Kesimpulannya, bahwa apa yang
dinukilkan tentang keutamaan menghidupkan malam dengan amalan, diantara Maghrib
dan ‘Isya, adalah banyak. Sehingga ditanyakan kepada ‘Ubaidillah bekas budak
Nabi saw: “Adakah Rasulullah saw menyuruh shalat yang tidak fardlu ?”.
‘Ubaidillah menjawab: “Ada, yaitu diantara Maghrib dan ‘Isya, dimana Nabi saw
bersabda: “Barangsiapa mengerjakan shalat diantara Maghrib dan Isya, maka itu
adalah shalat orang-orang yang bertaubat kepada Tuhan”. Berkata Al-Aswad: “Bila
aku datangi Ibnu Mas’ud ra pada waktu ini (antara Maghrib dan Isya), maka aku
melihat dia mengerjakan shalat.

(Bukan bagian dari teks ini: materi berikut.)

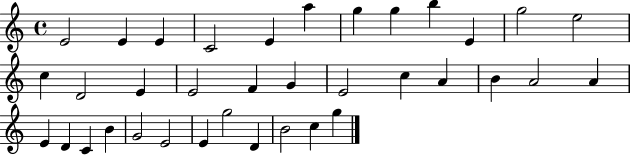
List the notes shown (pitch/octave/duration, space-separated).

E4/h E4/q E4/q C4/h E4/q A5/q G5/q G5/q B5/q E4/q G5/h E5/h C5/q D4/h E4/q E4/h F4/q G4/q E4/h C5/q A4/q B4/q A4/h A4/q E4/q D4/q C4/q B4/q G4/h E4/h E4/q G5/h D4/q B4/h C5/q G5/q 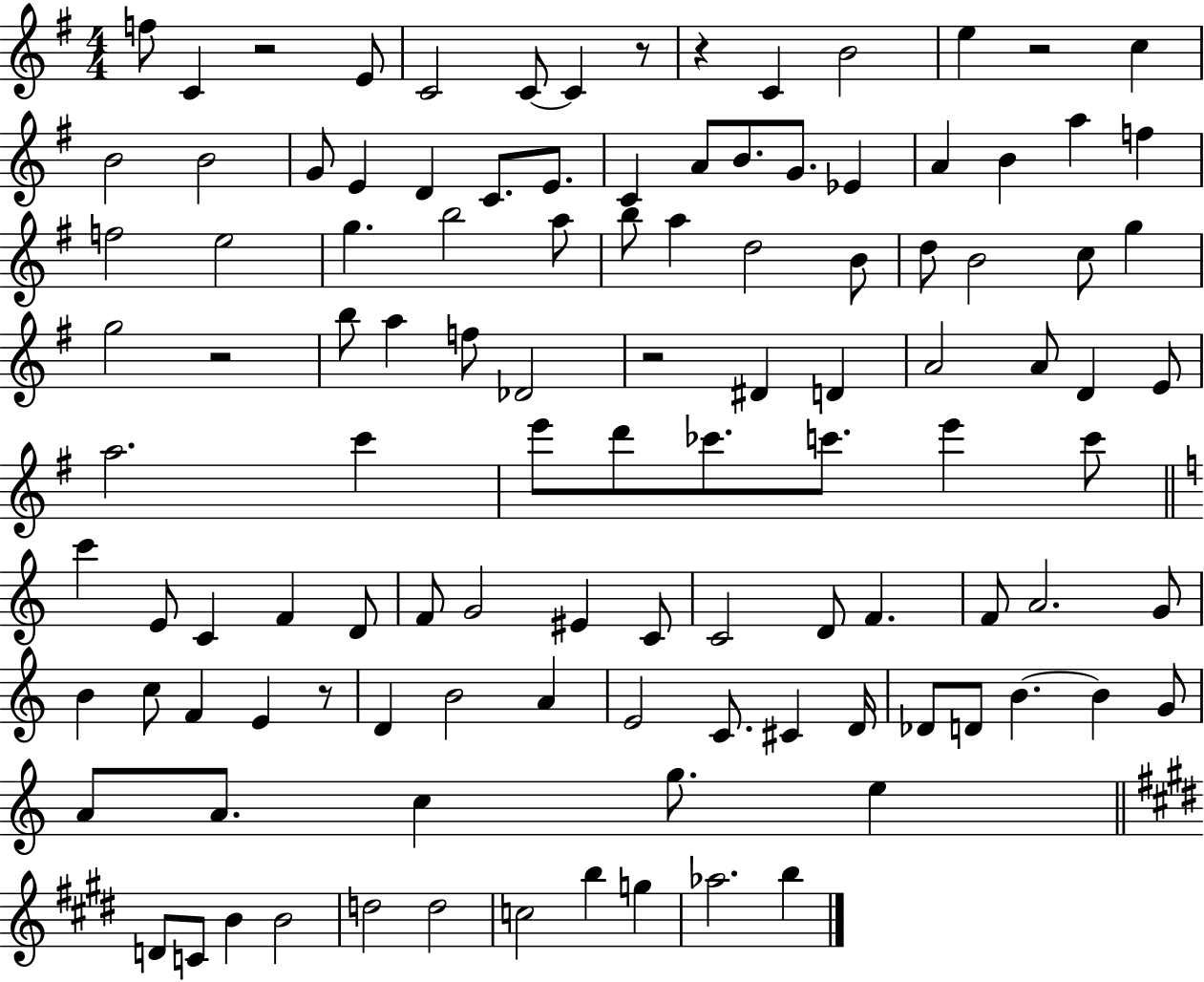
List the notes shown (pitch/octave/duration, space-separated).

F5/e C4/q R/h E4/e C4/h C4/e C4/q R/e R/q C4/q B4/h E5/q R/h C5/q B4/h B4/h G4/e E4/q D4/q C4/e. E4/e. C4/q A4/e B4/e. G4/e. Eb4/q A4/q B4/q A5/q F5/q F5/h E5/h G5/q. B5/h A5/e B5/e A5/q D5/h B4/e D5/e B4/h C5/e G5/q G5/h R/h B5/e A5/q F5/e Db4/h R/h D#4/q D4/q A4/h A4/e D4/q E4/e A5/h. C6/q E6/e D6/e CES6/e. C6/e. E6/q C6/e C6/q E4/e C4/q F4/q D4/e F4/e G4/h EIS4/q C4/e C4/h D4/e F4/q. F4/e A4/h. G4/e B4/q C5/e F4/q E4/q R/e D4/q B4/h A4/q E4/h C4/e. C#4/q D4/s Db4/e D4/e B4/q. B4/q G4/e A4/e A4/e. C5/q G5/e. E5/q D4/e C4/e B4/q B4/h D5/h D5/h C5/h B5/q G5/q Ab5/h. B5/q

Lalu aku tanyakan, maka ia menjawab: “Ya, itu
adalah saat orang-orang yang lalai !”. Adalah Anas ra rajin mengerjakannya dan
mengatakan: “itu adalah shalat di malam hari !” –seraya mengatakan: “Tentang
shalat itu, telah turun firman Allah Ta’ala: “Mereka meninggalkan tempat
tidurnya”. S As Sajadah ayat 16. Berkata Ahmad bin Abil-Hawari: “Aku bertanya
kepada Abi Sulaiman Ad-Darani: “Aku berpuasa siang hari dan makan malam
diantara Maghrib dan Isya. Apakah itu lebih engkau sukai atau aku berbuka siang
(tidak berpuasa) dan menghidupkan malam dengan shalat diantara Maghrib dan
Isya?”. Abi Sulaiman Ad-Darani menjawab: “Kumpulkan diantara keduanya !”. Maka
aku bertanya: “Kalau sukar ?”. Beliau menjawab: “Berbukalah dan kerjakanlah
shalat diantara keduanya !”.
KEUTAMAAN: bangun malam (dengan mengerjakan shalat).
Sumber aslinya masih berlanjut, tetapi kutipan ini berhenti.